Это была бравада, и вместе с тем в ней была надежда, что А.Н. без нее не проживет. Она уехала, поселив в Детском Людмилу Баршеву. (Шапорина Т.1: 199–200).
Идея, что Крандиевская сделала неверный шаг, продолжала преследовать долгие годы ее самое и укоренилась в семье. Толстой признался дочери Марьяне за день до смерти, что сам бы ни за что не разрушил семью (Толстая М. 1987: 201). Как видно, он хотел для себя свободы и неподконтрольности в личных делах, но вместе с этим еще и понимания и любви в своем собственном доме. Но на какие жертвы должна была пойти для этого Крандиевская? Да ведь и сам Толстой вряд ли был способен на такое сложное поведение, требовавшее сдержанности и терпения. На деле он создал ей атмосферу ненависти, которая на фоне их двадцатилетних любовных отношений стала для нее невыносимой. Для сохранения семьи ее собственного желания оказалось недостаточно.
Толстой вначале не принял всерьез отъезда Наталии Васильевны из Детского. Он ничего подобного от жены не ожидал: ведь Крандиевская с самого их возвращения из эмиграции полностью подчинила себя семейным интересам, всегда была зависимой, всегда при нем — но когда понял, что ее решение серьезно, то бешено на него отреагировал. Казалось, что повторяется травматическая ситуация 1914 года, когда его оставила Софья. Похоже, что теперь его устроило бы любое решение, только не возврат к жестоко обидевшей его семье. Жене он писал 5 декабря 1935 года в духе этой смертельной обиды:
Неужели все это вместе должно было привести к тому, что я, проведший сквозь невзгоды и жизненные бури двадцати лет суденышко моей семьи, — оценивался тобой и, значит, моими сыновьями, как нечто мелкое и презрительное? Вот к какому абсурду приводит человеческое высокомерие, — потому что только этим я могу объяснить отношение ко мне тебя и моей семьи, отношение, в котором нет уважения ко мне[329] (Греков 1991: 313).
Писатель чувствовал необходимость поставить на вид строптивой жене горячее одобрение миллионов читателей:
Художник неотделим от человека. Если я большой художник, значит — большой человек.
Искусство вообще в нашей семье никогда не пользовалось слишком большим пьететом. Напрасно.

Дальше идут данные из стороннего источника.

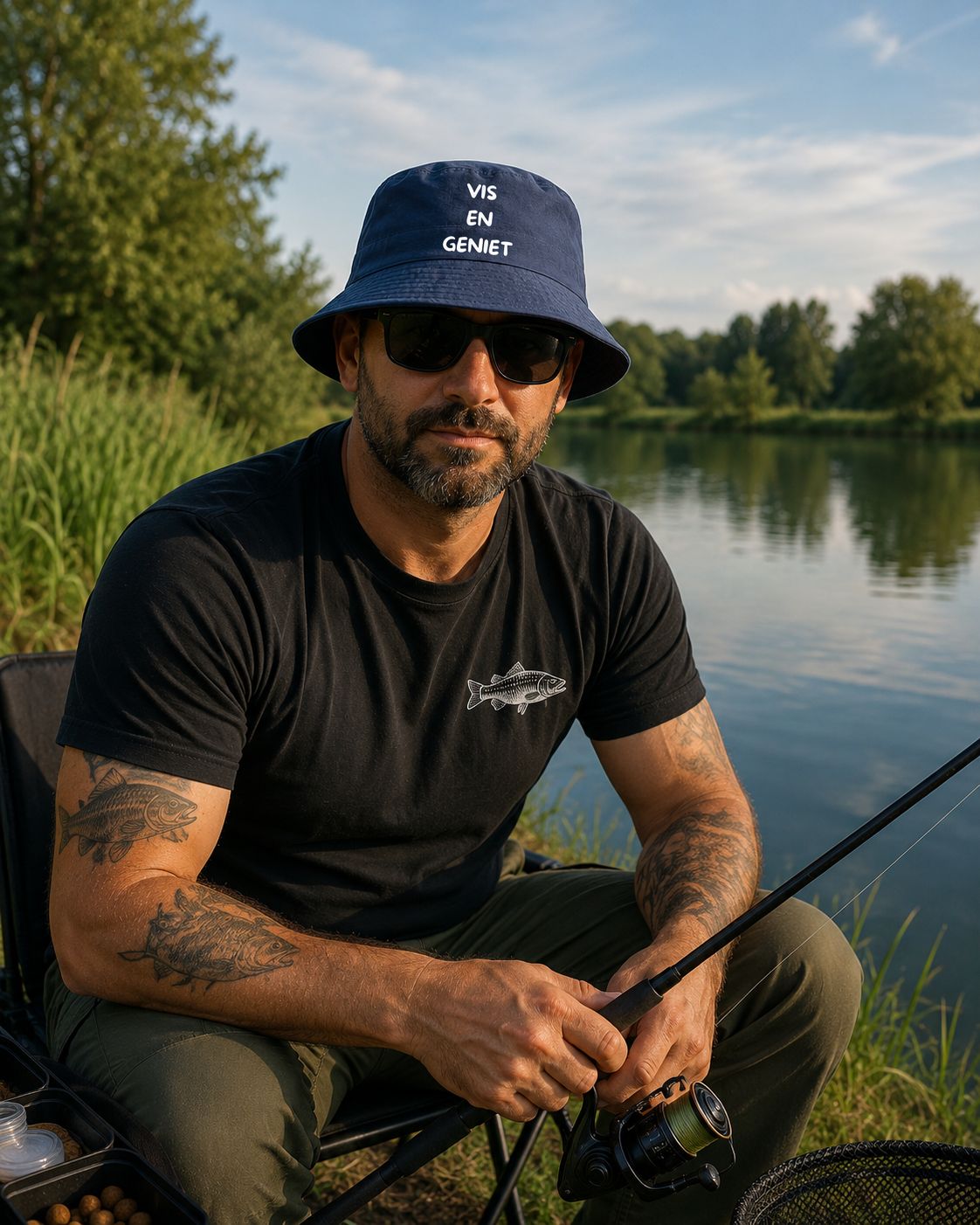 Vis En Geniet Vissershoedje – Bucket Hat voor Rustige Dagen aan het Water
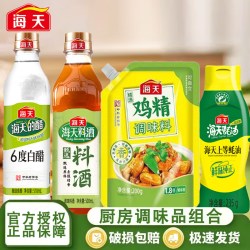海天 厨房四件套料酒白醋上等蚝油鸡精调料组合套装家用商用调味品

Погибают народы и цивилизации, не остается даже праха от их величия, но остается бессмертным высшее выражение человеческого духа — искусство. Наша эпоха выносит искусство на первое место по его культурным и социальным задачам. Все это я сознаю и к своим задачам отношусь с чрезвычайной серьезностью, тем более, что они подкреплены горячим отношением и требованиями ко мне миллионов моих сограждан (Греков 1991: 314).
Он почти убедил себя, задним числом, что жену необходимо было сменить по профессиональным соображениям!
Шапорина излагает продолжение истории следующим образом:
[8.ХI.1935]. Дальнейшие события развернулись с головокружительной быстротой: Людмила заменила сразу Наталью Васильевну во всех смыслах, наверху, в комнате Натальи Васильевны, началось по ночам безумное веселье, куда приглашалась и Гаяна, дочь Елизаветы Кузьминой-Караваевой-Пиленко[330]. Юлия Ивановна[331] взвыла и донесла Наталье Васильевне. Фефа оскорбился за мать, приехал в Детское и сделал Алексею Николаевичу выговор за легкомысленное поведение. Алексей Николаевич по-видимому свету не взвидел — послал Фефу к черту, добавив «Чтобы твоей жидовской морды я никогда больше не видал».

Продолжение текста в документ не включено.